The vessel dived and shattered as an Enemy gained hold. Hank fell to the floor of the command chamber, his cardiac shield sputtering an alarm.

you are, old friend.

“Jim, don’t—”

Hank flashed from the Timeline in a burst of static and dust.

come now, maire. show yourself.

The Black tendriled over his surface, piercing and stroking, merging and solidifying. Absorbing. Whistler felt a scrape across his pattern, dislodge, reformation. He found himself shifted back into human form, alone in an echoing cavern of burnt mercury, a blinding light lasering down to scan his image.

“Bravo, Whistler. Bra
vo
.” The ruined child walked from the shadows.

He smoothed his cloak and stood defiant.

“You,” she poked his thigh with one taloned, tiny finger, “were supposed to be on my side. Our side.”

“He made a better offer.”

She snarled. “I could have given you everything, James. The universe. History.”

He scoffed. “What possible use could I have for all that, poppet?”

“I trusted you.”

“You’ve a lot to learn, child.” He adjusted the tips of his gloves.

“Why’d you do it?”

“I’m tired.” He bent to her level, put his hands on her shoulders. “I was meant to be gone a thousand years ago. To be with Jo again, wherever that might be. When you tore me from that slumber, you ruined my heaven. Paul offered me a chance to sleep again.”

“Tired of bouncing around in his head, huh?”

“Your head, too.”

She nodded a smile. “You were good to me, bringing Lilith in. I can forgive this transgression. I’ll let you rest.”

“Dear child,” his eyes glinted, “thank you.”

“Just one more thing.” She took his hand, gently, tenderly. “Who does his maths?”

“Hmm?” Whistler frowned.

“You can tell me, or I’ll just take it from you.
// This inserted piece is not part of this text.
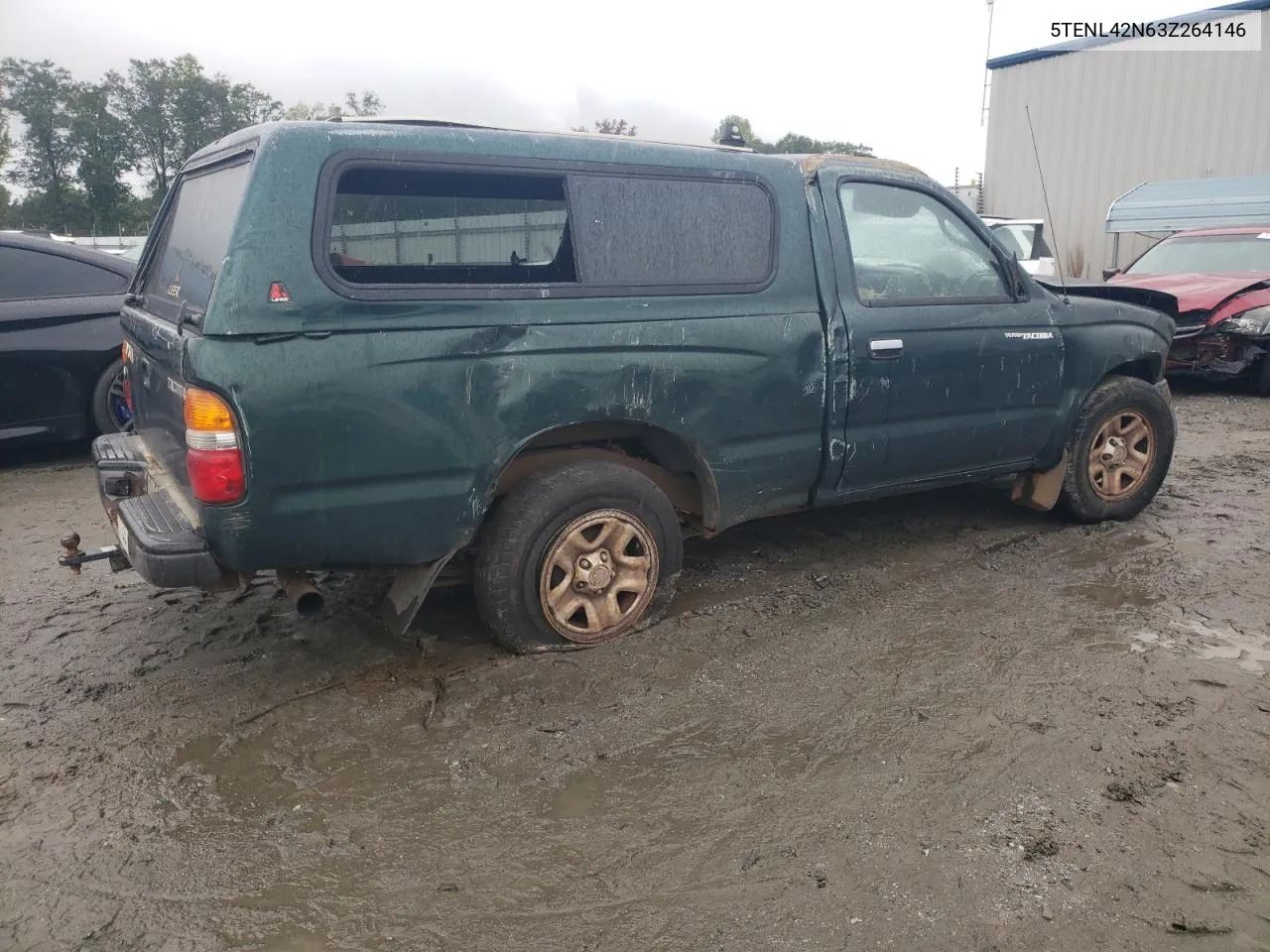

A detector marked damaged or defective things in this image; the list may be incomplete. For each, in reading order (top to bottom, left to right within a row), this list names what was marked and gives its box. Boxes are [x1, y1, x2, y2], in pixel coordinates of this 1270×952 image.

dented truck body [84, 121, 1175, 639]
wrecked red vehicle [1103, 227, 1270, 395]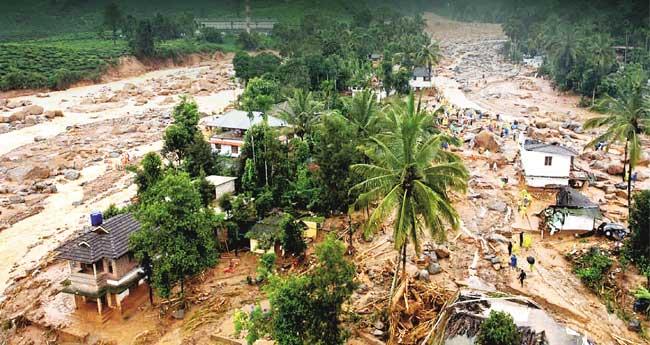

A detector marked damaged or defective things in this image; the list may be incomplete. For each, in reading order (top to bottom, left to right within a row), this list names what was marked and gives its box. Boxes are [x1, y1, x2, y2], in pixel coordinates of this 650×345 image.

Who’s calculating the bleed? Who’s zeroing in on me? He’s no good with numbers. Can’t be his brawn, West. Is it Benton?”

Whistler’s lips opened over clenched teeth.

Maire’s tiny fist punched through his chest and closed over his silver projector. He gurgled with blood and shattered bone as silver laced through the mash of his heart and lungs. She yanked her arm out, leaving his dusted form to fall in a flop of grit and glitter to the floor.